## [Task to complete]
When you reach the line with "Call or visit" in the records below, begin transcribing exactly and continue up to and including the line with "The ground floor", leaving out every picture.

## [Supplied records]
════

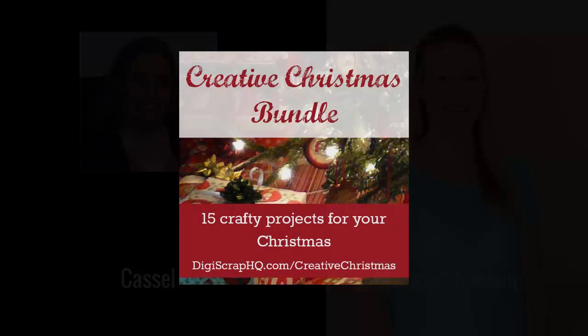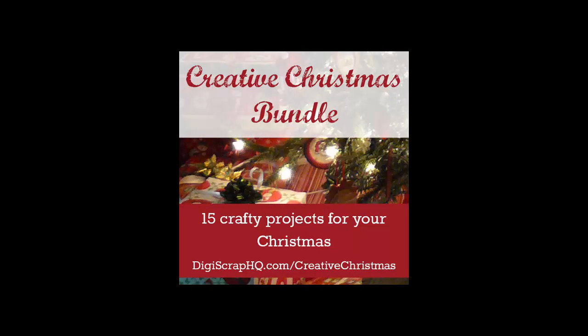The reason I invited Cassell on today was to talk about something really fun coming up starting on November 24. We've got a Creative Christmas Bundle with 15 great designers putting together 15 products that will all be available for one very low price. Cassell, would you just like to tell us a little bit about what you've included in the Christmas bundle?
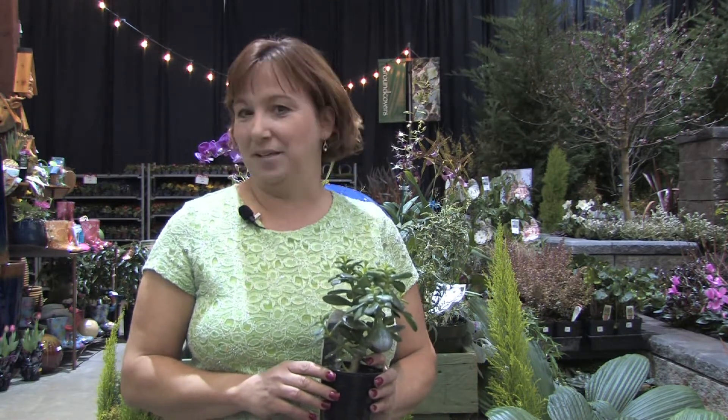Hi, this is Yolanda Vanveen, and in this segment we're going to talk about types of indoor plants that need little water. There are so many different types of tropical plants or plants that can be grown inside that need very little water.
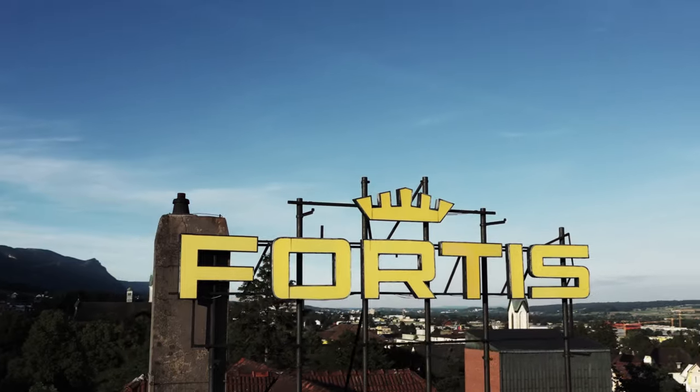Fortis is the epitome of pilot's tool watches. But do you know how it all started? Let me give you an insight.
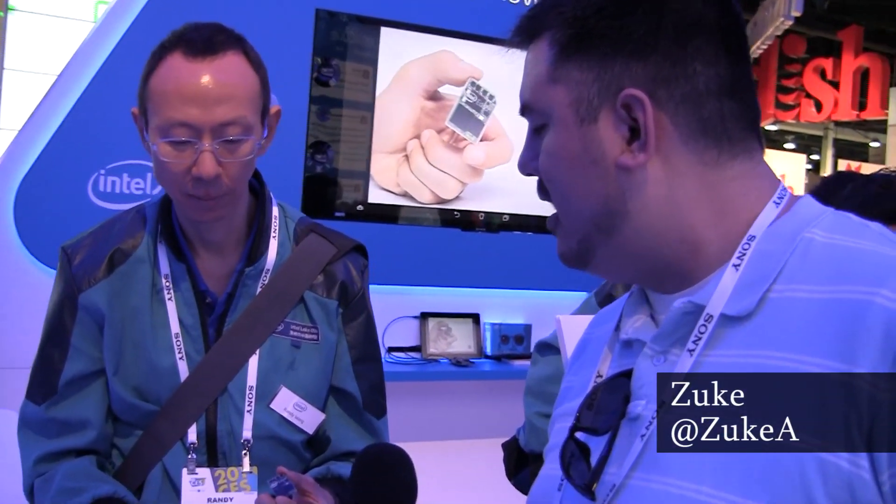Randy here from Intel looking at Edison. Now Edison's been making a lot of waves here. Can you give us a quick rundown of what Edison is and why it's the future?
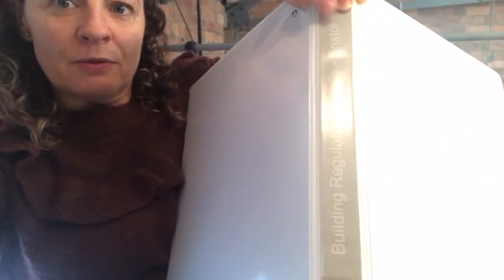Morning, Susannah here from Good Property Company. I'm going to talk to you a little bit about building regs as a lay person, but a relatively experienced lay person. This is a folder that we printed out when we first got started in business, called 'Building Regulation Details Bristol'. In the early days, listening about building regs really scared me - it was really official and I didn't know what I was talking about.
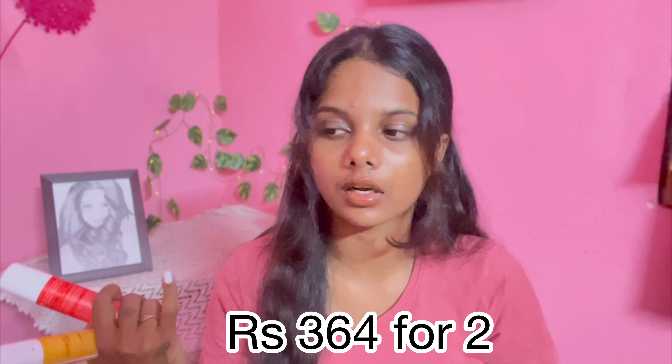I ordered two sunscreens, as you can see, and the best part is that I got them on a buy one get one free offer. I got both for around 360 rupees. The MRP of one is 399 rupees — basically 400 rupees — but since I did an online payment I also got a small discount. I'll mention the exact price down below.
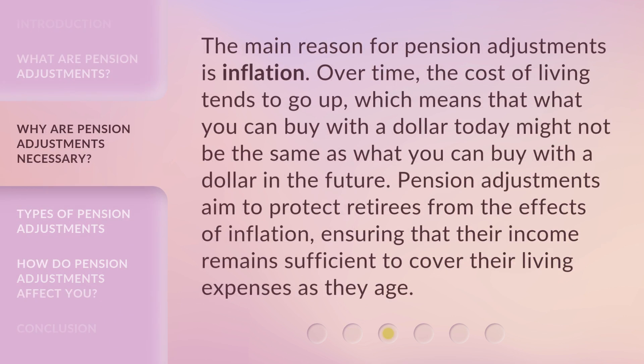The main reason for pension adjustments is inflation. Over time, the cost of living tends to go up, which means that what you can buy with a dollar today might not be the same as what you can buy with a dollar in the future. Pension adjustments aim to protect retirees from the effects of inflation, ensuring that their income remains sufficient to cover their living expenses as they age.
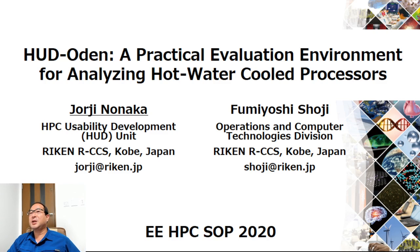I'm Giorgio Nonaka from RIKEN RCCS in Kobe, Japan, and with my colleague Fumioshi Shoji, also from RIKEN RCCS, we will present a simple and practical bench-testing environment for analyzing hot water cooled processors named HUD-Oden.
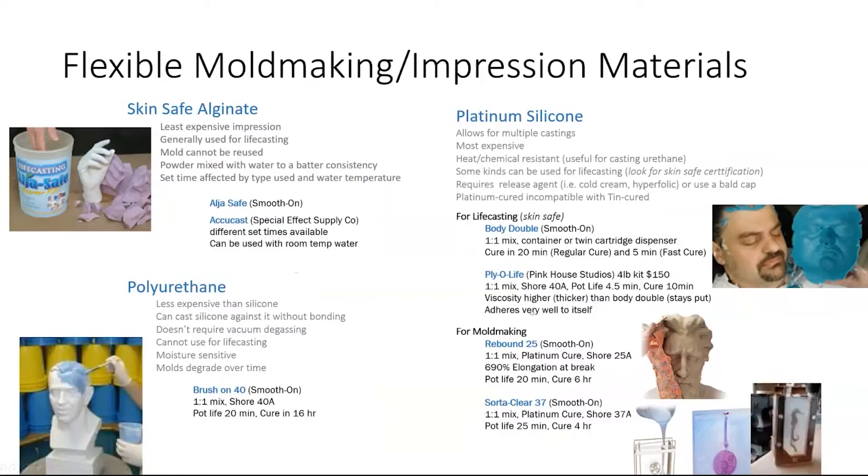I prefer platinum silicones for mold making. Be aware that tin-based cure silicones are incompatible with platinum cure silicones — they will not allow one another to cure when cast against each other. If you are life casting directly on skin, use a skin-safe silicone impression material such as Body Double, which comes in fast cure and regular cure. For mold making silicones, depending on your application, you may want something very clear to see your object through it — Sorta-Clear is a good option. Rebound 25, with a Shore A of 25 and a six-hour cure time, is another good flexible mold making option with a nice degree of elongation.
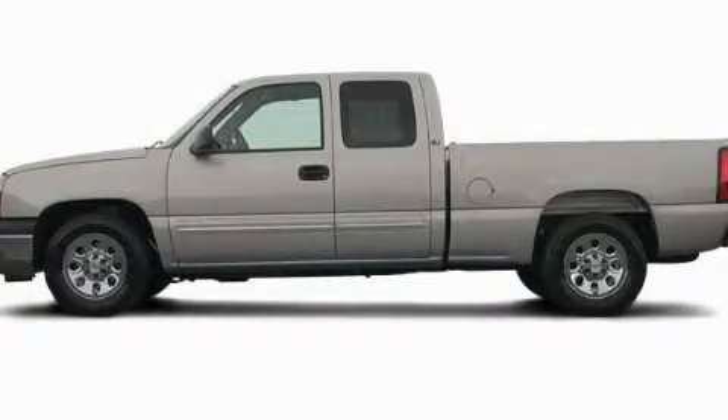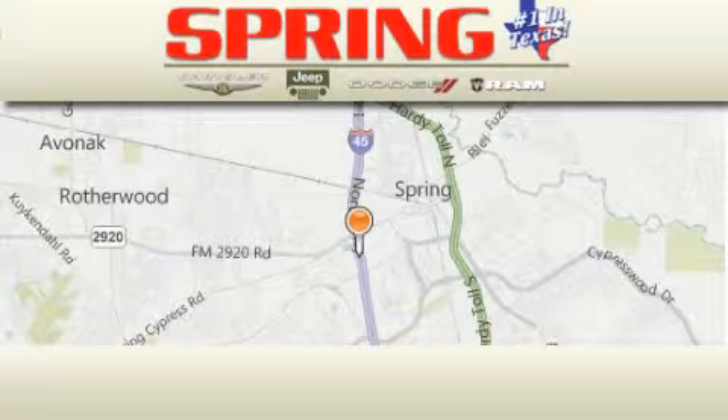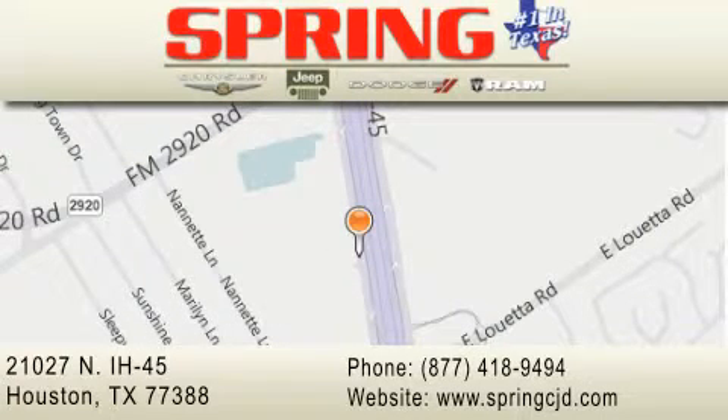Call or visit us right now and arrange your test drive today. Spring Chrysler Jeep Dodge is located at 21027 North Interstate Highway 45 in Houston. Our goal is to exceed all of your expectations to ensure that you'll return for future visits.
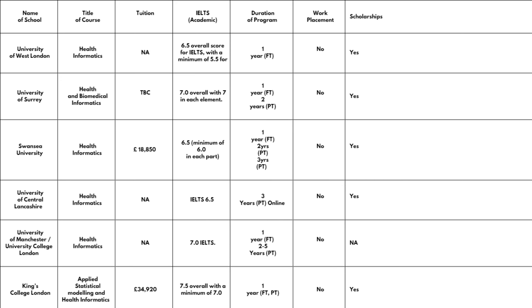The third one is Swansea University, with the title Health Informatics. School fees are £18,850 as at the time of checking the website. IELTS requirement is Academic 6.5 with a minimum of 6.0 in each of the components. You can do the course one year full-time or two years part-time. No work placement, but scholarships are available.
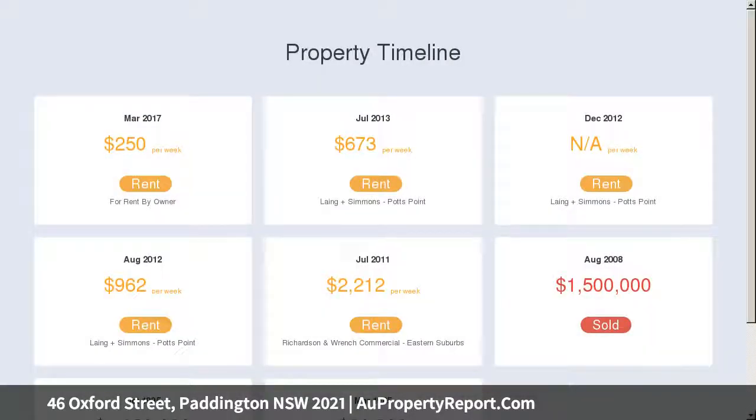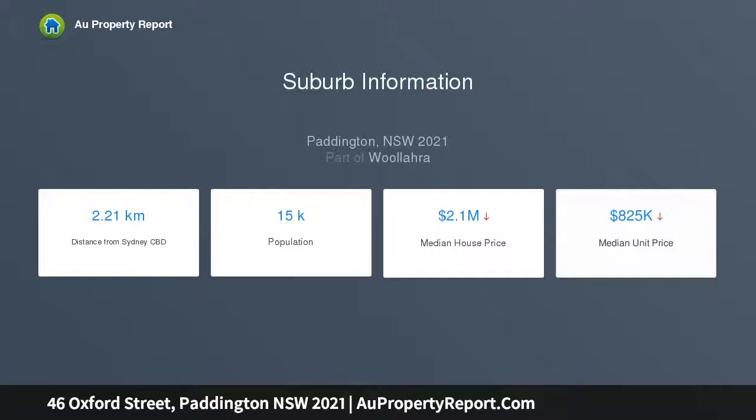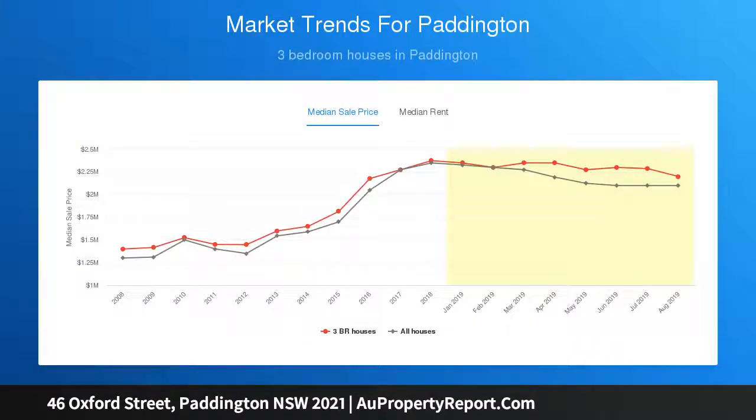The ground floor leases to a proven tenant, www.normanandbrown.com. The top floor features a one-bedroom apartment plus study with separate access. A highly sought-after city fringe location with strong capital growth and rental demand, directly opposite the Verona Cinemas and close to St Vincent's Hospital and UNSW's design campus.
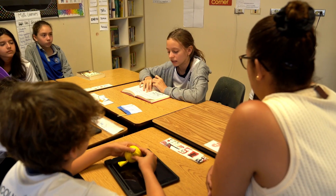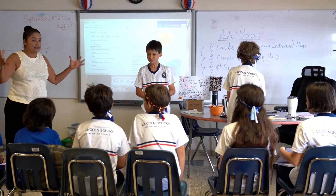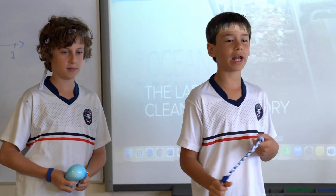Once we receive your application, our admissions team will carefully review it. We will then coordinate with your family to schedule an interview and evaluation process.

════

## [Written solution]
Call or visit us right now and arrange your test drive today. Spring Chrysler Jeep Dodge is located at 21027 North Interstate Highway 45 in Houston. Our goal is to exceed all of your expectations to ensure that you'll return for future visits.
The third one is Swansea University, with the title Health Informatics. School fees are £18,850 as at the time of checking the website. IELTS requirement is Academic 6.5 with a minimum of 6.0 in each of the components. You can do the course one year full-time or two years part-time. No work placement, but scholarships are available.
The ground floor leases to a proven tenant, www.normanandbrown.com. The top floor features a one-bedroom apartment plus study with separate access. A highly sought-after city fringe location with strong capital growth and rental demand, directly opposite the Verona Cinemas and close to St Vincent's Hospital and UNSW's design campus.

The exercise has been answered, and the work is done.